4D introduces RaspberryRO Lite

I had no idea computers contained fat or sugar – but this one definitely doesn’t!

RaspberryRO Lite case
RaspberryRO Lite case

Putting on his 4D hat, Chris Evans has introduced a new computer in the RaspberryRO range, this one given the ‘Lite’ suffix.

The RaspberryRO Lite takes the form of a Raspberry Pi (but you probably guessed that from the name) in a ‘nano’ desktop case, measuring 108x108x45mm, with RISC OS pre-installed and ready run. Storage is provided for by an internal mSATA drive, which takes up one of the usual four USB sockets on the Pi.

In its default configuration, the computer’s specification is as follows:

  • A Raspberry Pi model B – with a choice of either a Pi 2 or Pi 3, both of which are equipped with 1024MB RAM.
  • a microSD card with a fully licenced copy of RISC OS 5.
  • An internal mSATA drive – starting at 8GB, but upgrade options are available.
  • Support for the built-in battery backed RTC non-standard RTC.
  • A power button, with a soft power-off.
  • A 5V, 2.5A PSU.
RaspberryRO Lite case - rear view
RaspberryRO Lite case – rear view

Since what it contains is a Raspberry Pi, the usual selection of outputs are available – HDMI, audio, 10/100Mbps ethernet and three USB sockets (as noted above, the fourth is used for the internal mSATA drive).

Prices for the system start at £199.00 for the RaspberryRO Lite 3, and £209.00 for the RaspberryRO Lite 21, both including delivery (but no VAT, since 4D is not VAT registered) – with upgrades to the mSATA drive costing £26.00 for a 32GB model, £64.00 for 120GB, and £137.00 for 240GB.

Chris says there is a small quantity of the machines available from stock now, with more expected from late August – and with the London Show taking place a couple of months after that, you can probably expect a RaspberryRO Lite to be one of the things that will be talked about and held up for the audience to squint at during his theatre presentation.

As well as the new Lite edition, the other models in the RaspberryRO range will continue to be available, since their larger case sizes mean there is greater scope for expandability, with – for example – internal optical drives, 2.5″ SATA drives, and so on.

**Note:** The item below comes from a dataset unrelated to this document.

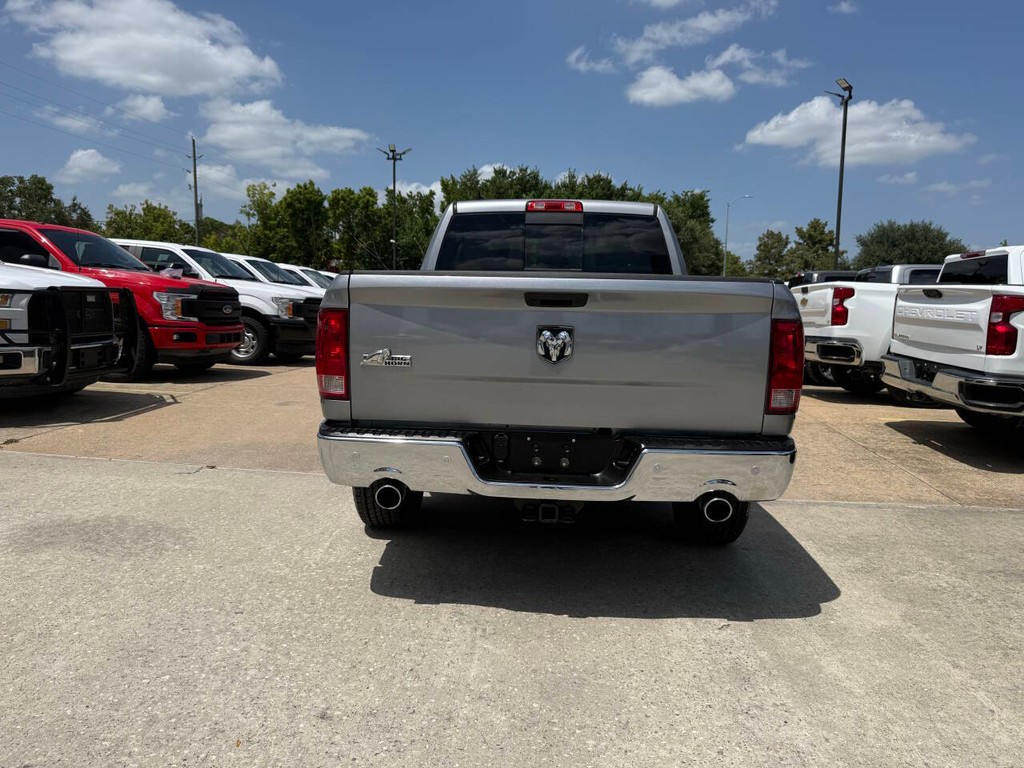 Ram 1500 Classic Vehicle Full-screen Gallery Image 37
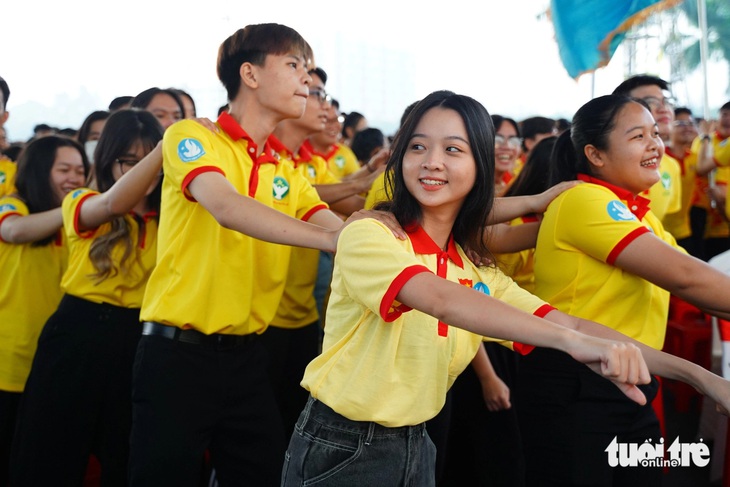 Các chiến sĩ chiến dịch Xuân tình nguyện 2024 tại lễ ra quân sáng nay - Ảnh: CÔNG TRIỆU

  1. I have asked Chris for clarification, but my assumption is that the number indicates the model of Pi, and the price difference a reflection of availability of the respective models; I suspect that the Pi 3 being the ‘current’ model probably means it’s easier to source.
    Update: Andrew Conroy has replied to confirm that is the case – the RaspberryRO Lite 3 contains the version of the Raspberry Pi 2 Model B before it was updated to use the same processor core as the Pi 3, which is now more difficult to source.